* _Task objective_
Going down the listing below, print exactly each line from the one with "Collection of wonderful" up to and including the one with "MADEWELL FLORAL JACQUARD", and skip the rest.

* _Given data_

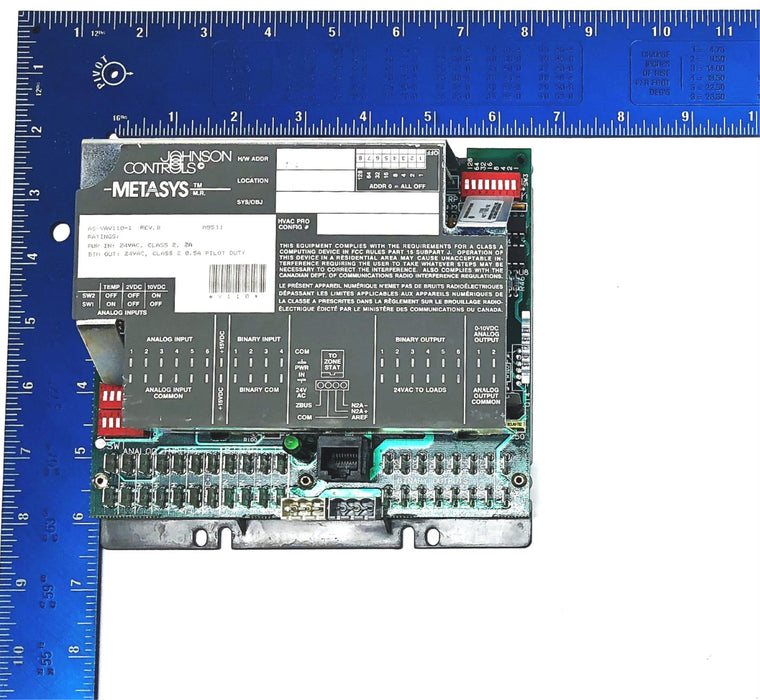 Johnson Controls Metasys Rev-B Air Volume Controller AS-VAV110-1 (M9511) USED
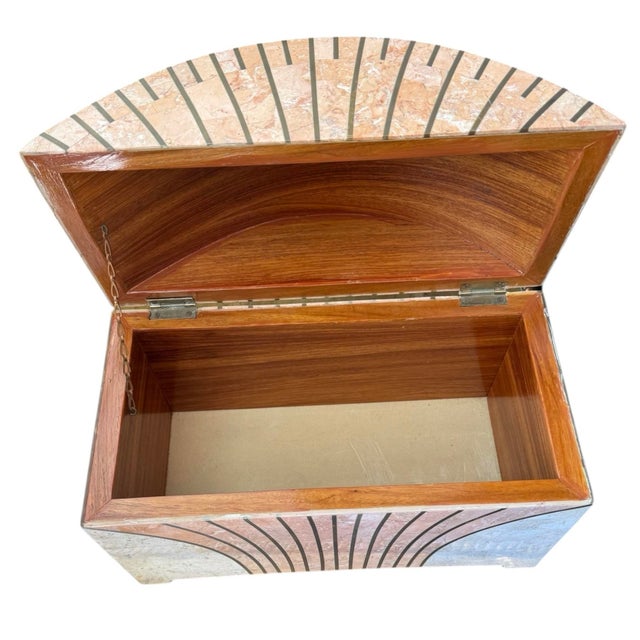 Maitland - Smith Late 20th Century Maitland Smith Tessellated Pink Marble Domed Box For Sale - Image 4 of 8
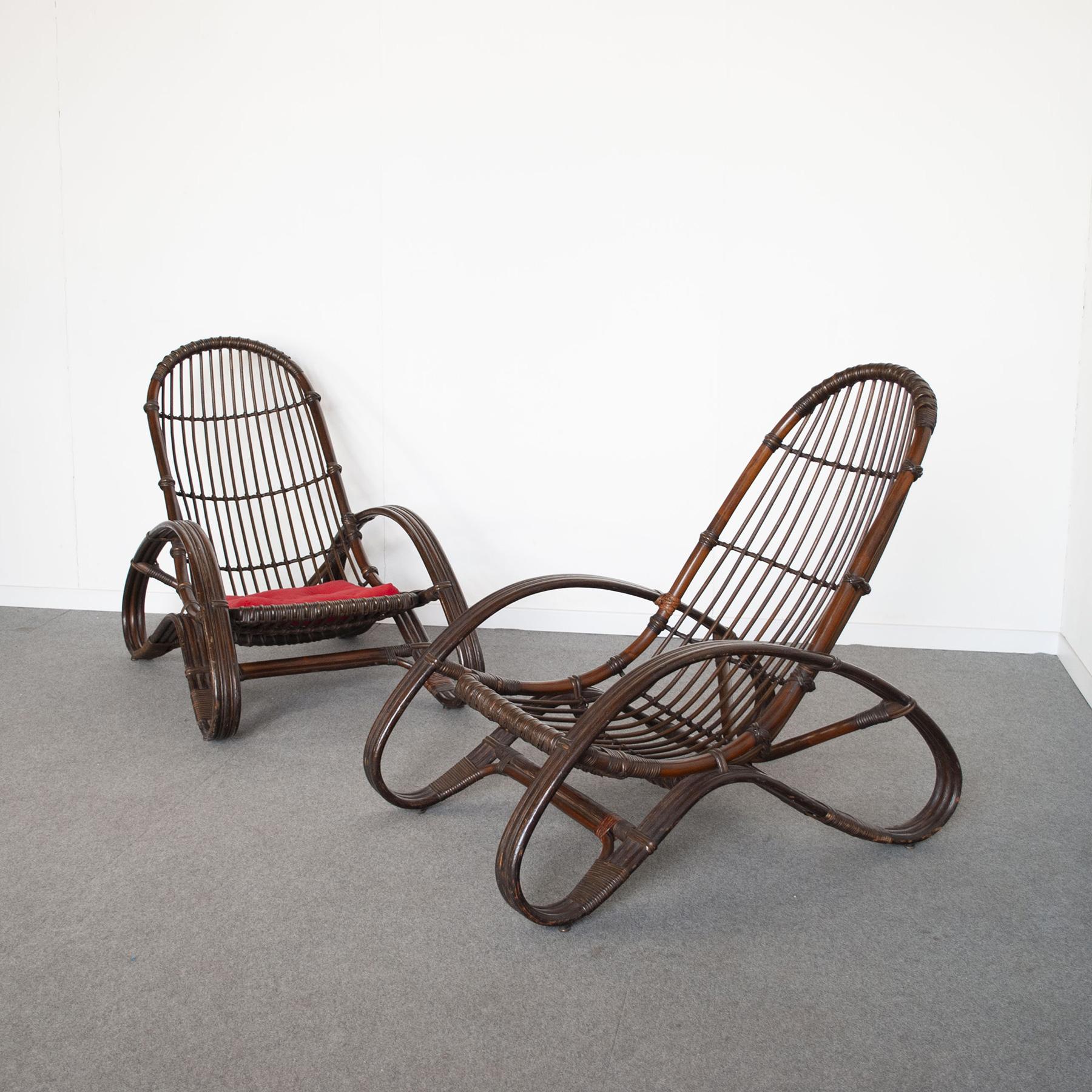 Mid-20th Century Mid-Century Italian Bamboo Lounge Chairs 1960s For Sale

==

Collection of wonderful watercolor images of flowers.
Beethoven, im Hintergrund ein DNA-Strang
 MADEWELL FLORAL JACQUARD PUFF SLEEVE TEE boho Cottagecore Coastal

--

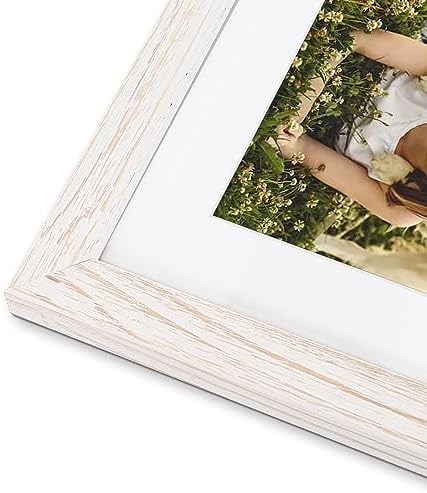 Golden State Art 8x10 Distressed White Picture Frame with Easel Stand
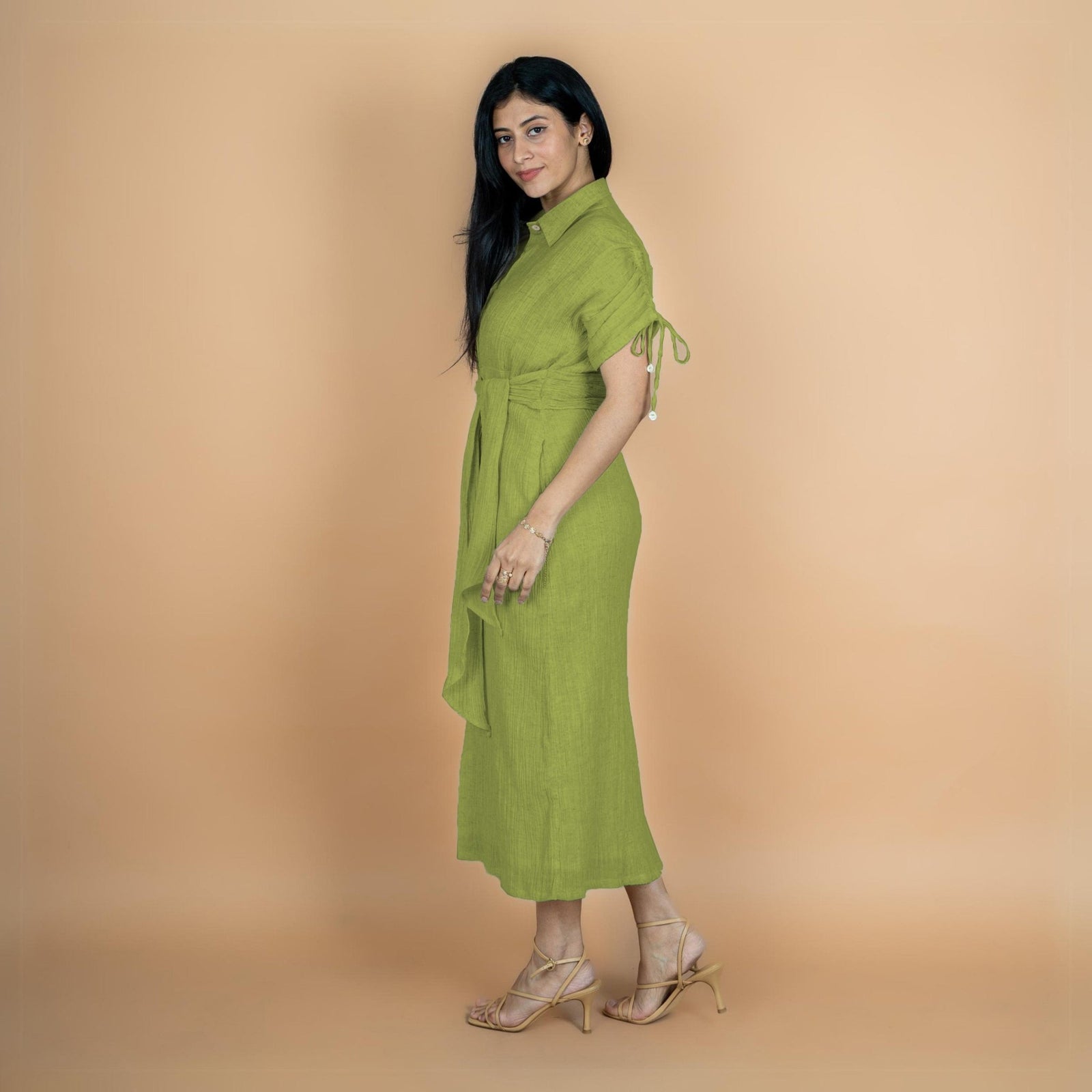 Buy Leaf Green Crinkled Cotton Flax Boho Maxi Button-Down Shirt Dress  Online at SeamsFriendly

* _Result below_
Collection of wonderful watercolor images of flowers.
Beethoven, im Hintergrund ein DNA-Strang
 MADEWELL FLORAL JACQUARD PUFF SLEEVE TEE boho Cottagecore Coastal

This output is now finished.